● **YOUR TASK**
Beginning with the line that holds "James Anthony Arrest Mugshot", output every remaining line of the material below exactly, and include none of the pictures.

START INFORMATION

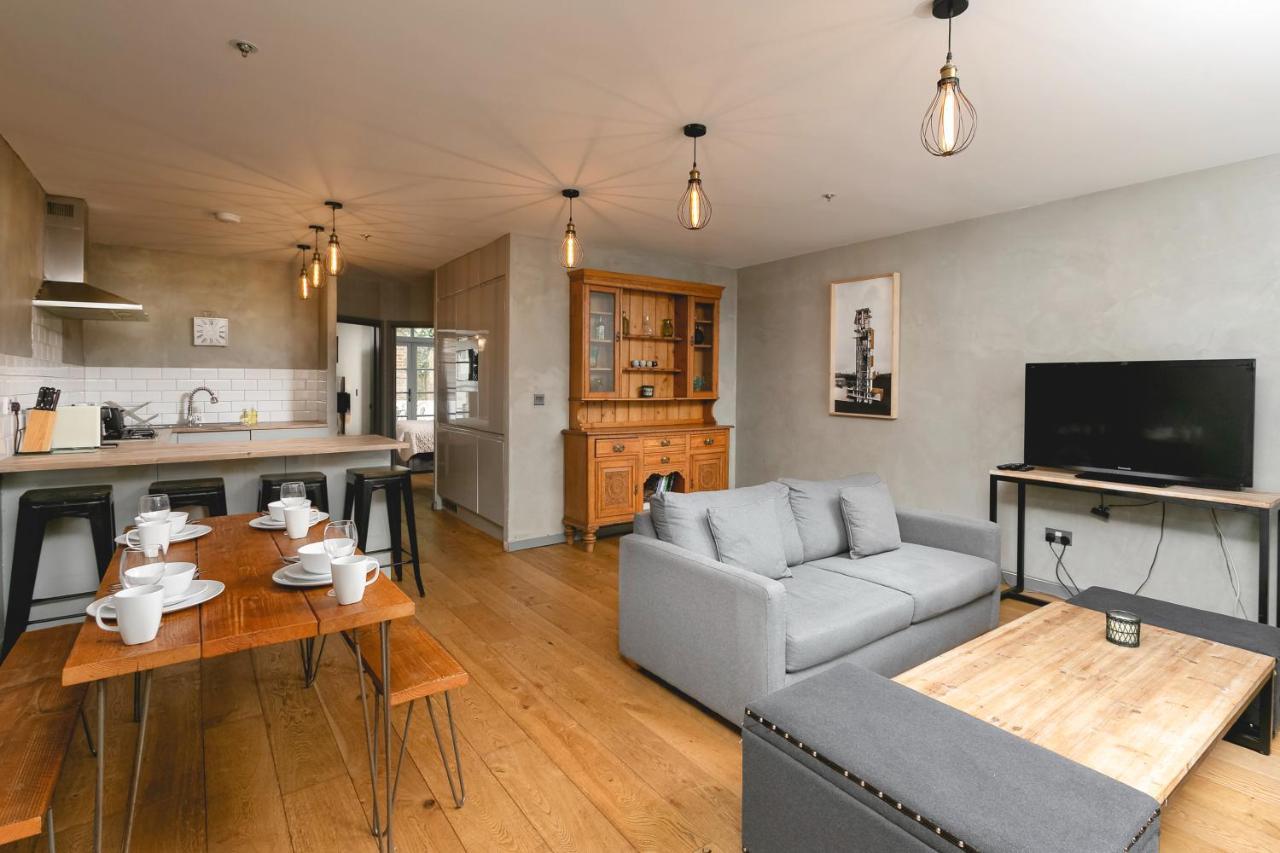 Penthousestays Nr Notting Hill - Luxury 2 Bedroom King Bed Apartment - Near Portobello Road London Eksteriør bilde
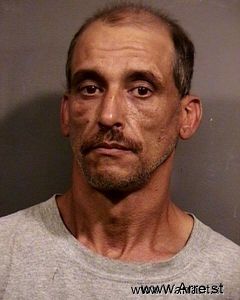 James Anthony Arrest Mugshot
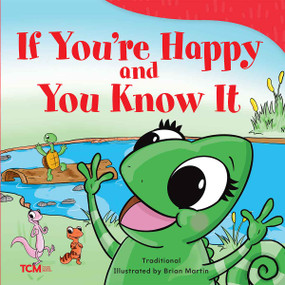 If You're Happy and You Know It - 9798765961131 by Brian Martin, Brian Martin, 9798765961131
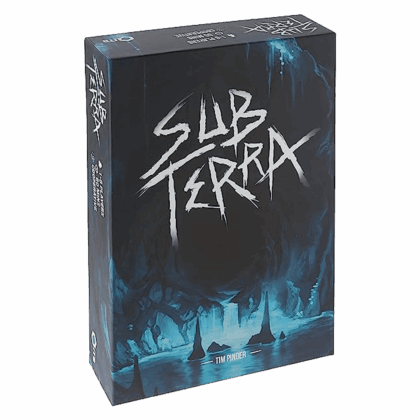 Juego de mesa "Sub Terra"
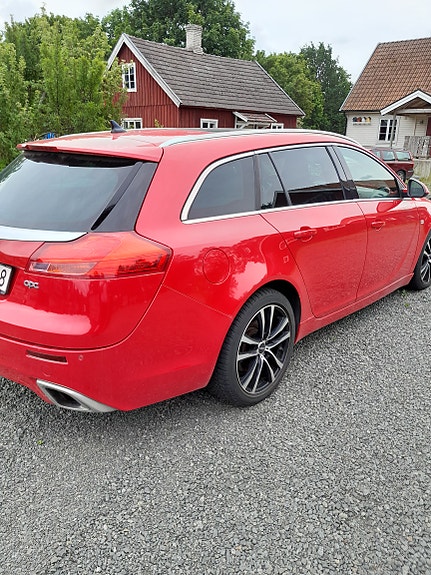 Opel Insignia 5 of 5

END INFORMATION

● **RESPONSE BELOW**
 James Anthony Arrest Mugshot
 If You're Happy and You Know It - 9798765961131 by Brian Martin, Brian Martin, 9798765961131
 Juego de mesa "Sub Terra"
 Opel Insignia 5 of 5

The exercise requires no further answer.